Kernel Sufficient Dimension Reduction and Variable Selection for Compositional Data via Amalgamation
Proceedings of the 40th International Conference on Machine Learning, PMLR 202:27034-27047, 2023.
Compositional data with a large number of components and an abundance of zeros are frequently observed in many fields recently. Analyzing such sparse high-dimensional compositional data naturally calls for dimension reduction or, more preferably, variable selection. Most existing approaches lack interpretability or cannot handle zeros properly, as they rely on a log-ratio transformation. We approach this problem with sufficient dimension reduction (SDR), one of the most studied dimension reduction frameworks in statistics.

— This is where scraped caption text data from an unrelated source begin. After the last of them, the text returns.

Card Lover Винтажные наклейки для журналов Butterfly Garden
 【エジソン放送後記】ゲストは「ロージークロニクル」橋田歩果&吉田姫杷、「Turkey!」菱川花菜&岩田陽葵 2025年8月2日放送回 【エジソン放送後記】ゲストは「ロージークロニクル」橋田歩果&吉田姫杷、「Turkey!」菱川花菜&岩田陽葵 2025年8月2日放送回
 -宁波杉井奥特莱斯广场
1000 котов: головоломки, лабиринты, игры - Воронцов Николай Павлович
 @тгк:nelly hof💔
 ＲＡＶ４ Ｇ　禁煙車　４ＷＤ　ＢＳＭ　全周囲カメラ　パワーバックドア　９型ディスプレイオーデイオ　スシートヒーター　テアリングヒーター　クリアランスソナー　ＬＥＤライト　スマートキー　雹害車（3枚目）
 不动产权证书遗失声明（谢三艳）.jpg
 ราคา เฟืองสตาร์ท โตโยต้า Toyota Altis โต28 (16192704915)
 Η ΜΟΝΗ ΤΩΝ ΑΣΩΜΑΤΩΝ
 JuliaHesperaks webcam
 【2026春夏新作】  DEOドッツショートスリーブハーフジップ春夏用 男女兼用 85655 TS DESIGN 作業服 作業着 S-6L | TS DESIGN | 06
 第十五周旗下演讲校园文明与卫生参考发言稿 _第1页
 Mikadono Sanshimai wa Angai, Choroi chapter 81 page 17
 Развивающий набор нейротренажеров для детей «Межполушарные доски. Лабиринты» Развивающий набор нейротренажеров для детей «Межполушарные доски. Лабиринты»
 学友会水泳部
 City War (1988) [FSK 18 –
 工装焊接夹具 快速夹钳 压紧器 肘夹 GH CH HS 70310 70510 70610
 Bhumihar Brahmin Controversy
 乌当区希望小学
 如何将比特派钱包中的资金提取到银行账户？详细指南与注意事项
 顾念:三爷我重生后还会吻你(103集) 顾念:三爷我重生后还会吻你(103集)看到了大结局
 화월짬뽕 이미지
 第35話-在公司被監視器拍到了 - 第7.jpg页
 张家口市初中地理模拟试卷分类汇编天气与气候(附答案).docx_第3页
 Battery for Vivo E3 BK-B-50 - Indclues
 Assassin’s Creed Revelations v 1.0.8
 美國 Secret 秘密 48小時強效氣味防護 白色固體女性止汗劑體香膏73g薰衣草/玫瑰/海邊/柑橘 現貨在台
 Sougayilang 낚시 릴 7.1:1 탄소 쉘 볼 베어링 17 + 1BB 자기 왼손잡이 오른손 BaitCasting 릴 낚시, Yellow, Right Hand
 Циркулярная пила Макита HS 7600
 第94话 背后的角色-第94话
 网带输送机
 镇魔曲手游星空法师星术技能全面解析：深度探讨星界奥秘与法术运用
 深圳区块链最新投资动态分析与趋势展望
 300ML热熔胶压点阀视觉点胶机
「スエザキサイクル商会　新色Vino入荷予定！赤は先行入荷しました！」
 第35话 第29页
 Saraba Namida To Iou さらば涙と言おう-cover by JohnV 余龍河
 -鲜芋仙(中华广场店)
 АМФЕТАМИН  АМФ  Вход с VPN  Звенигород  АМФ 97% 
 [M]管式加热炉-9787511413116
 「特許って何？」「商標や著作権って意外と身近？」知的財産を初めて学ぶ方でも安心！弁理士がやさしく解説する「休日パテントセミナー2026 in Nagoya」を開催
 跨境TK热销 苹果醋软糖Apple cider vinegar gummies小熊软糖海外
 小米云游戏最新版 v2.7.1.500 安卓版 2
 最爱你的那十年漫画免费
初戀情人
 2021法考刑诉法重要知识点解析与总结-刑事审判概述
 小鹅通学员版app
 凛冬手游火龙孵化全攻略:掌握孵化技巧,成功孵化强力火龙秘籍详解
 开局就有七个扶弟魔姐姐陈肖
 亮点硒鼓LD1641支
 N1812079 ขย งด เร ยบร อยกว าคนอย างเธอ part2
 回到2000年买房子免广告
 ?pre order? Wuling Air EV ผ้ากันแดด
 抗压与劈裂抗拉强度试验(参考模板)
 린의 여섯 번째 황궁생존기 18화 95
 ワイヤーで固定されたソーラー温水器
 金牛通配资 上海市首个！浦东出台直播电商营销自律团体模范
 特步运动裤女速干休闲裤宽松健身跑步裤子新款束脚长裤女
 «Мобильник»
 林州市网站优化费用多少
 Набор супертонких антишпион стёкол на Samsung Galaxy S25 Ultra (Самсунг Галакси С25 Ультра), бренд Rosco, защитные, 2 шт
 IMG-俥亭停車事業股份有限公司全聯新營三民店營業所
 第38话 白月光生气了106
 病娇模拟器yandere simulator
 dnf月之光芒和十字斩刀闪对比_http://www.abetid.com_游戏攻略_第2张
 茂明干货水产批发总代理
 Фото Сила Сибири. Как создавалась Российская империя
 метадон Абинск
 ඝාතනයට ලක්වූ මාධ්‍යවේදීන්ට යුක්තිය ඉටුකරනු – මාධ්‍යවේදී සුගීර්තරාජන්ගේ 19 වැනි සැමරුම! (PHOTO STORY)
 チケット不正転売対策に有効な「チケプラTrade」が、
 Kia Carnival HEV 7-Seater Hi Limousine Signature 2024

Characterized by the conditional independence of the data to the response on the found subspace, the SDR framework has been effective for both linear and nonlinear dimension reduction problems. This work proposes a compositional SDR that can handle zeros naturally while incorporating the nonlinear nature and spurious negative correlations among components rigorously. A critical consideration of sub-composition versus amalgamation for compositional variable selection is discussed. The proposed compositional SDR is shown to be statistically consistent in constructing a sub-simplex consisting of true signal variables. Simulation and real microbiome data are used to demonstrate the performance of the proposed SDR compared to existing state-of-art approaches.